2) The Hou Han Shu was written for a purpose. However, when contextualized, we see that there are different purposes at different levels. On the most superificial level, the Hou Han Shu can be said to be written for the enjoyment of the exotic of the emperor. Considering government positions, the ruler who reads it would see it as a reference for whether to open his empire to foreign trade and whether to send troops (and how many soldiers) when a war is to be waged. For the general, it serves as a map to plan his route of advancement and his initial information on the kingdom he is to claim for his empire. The advisor, on the other hand, uses it to advise his ruler on the diplomatic policies to adopt based on the historical “behavior” of the particular kingdom.
3) The Hou Han Shu is also a text structured around the “hero” explanation for causation in history. It is a history of emperors, kings, governors, and generals and they are recorded insofar that their actions have a perceived impact on the history of the “Western Regions.”

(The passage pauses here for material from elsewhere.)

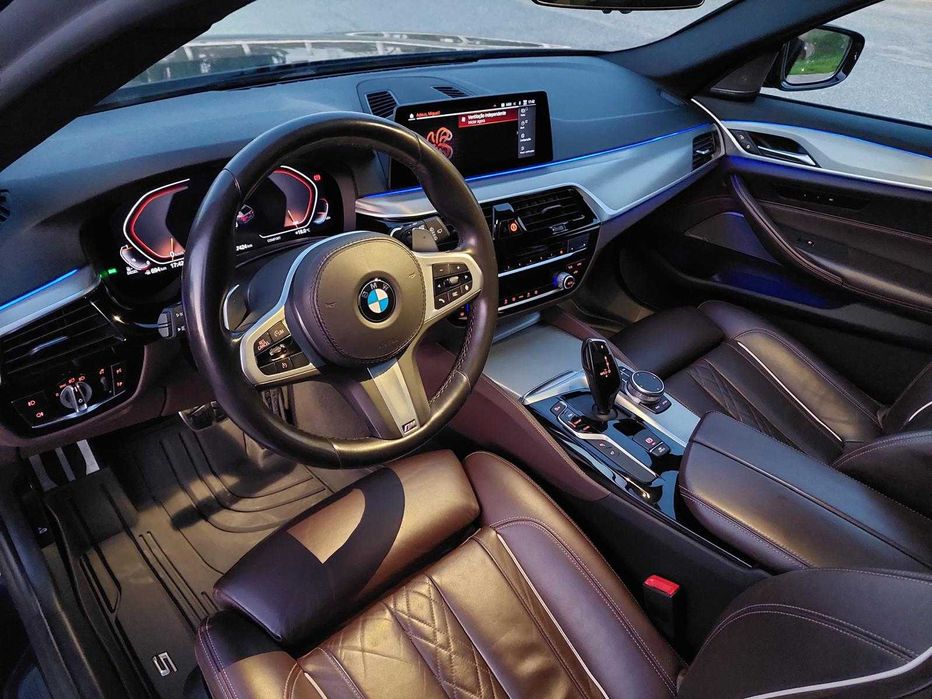 Carrinha BMW 520D PACK M AUTO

The most obvious subject matter that was left out when we place the Hou Han Shu in the context of Frances Wood’s Chapter 4 of The Silk Road is that of the “Heavenly horses.” In the census of the “Western Regions,” there was no count of horses or even “Heavenly horses.” Does this mean that Arthur Waley was right to say that the Han concern with these horses was spiritual rather than practical? Let us place this question in the context of question 2. We are told in Wood’s Silk Road that the Han realized that a smaller group of Xiongnu on Heavenly horses could wipe out an entire army of Han infantry. If so, wouldn’t it be curious that in the census, the number of infantry soldiers (since they were counted without horses) was given primacy over the number of horses? Although it seems like Arthur Waley’s argument is more worthy of consideration than when first read, it is actually quite problematic. Consider the following “hymn” taken from Wood’s Silk Road:
The Heavenly Horses are coming,
Coming from the Far West,
They crossed the Flowing Sands,
For the barbarians are conquered.
That issued from the waters of a pool. Two of them have tiger bacjs: They can transform themselves like spirits.
The Heavenly Horses are coming
Across the pastureless wilds
A thousand leagues at a stretch,
Following the eastern road.
The Heavenly Horses are coming;
Jupiter is in the Dragon.
Should they choose to soar aloft,
Who could keep pace with them?
The Heavenly Horses are coming;
Open the gates while there is time.
To the Holy Mountain of Kunlun.
The Heavenly Horses have come
And the Dragon will follow in their wake.
I shall reach the Gates of Heaven,
I shall see the Palace of God.
Consider the lines I bolded (spiritual parts) with the ones I italicized (practical parts). In his argument, Waley suppressed the practical element. What is more problematic was his total neglect of the parts on the practical. Thus, it seems that Heavenly horses are important both in spiritual and practical ways.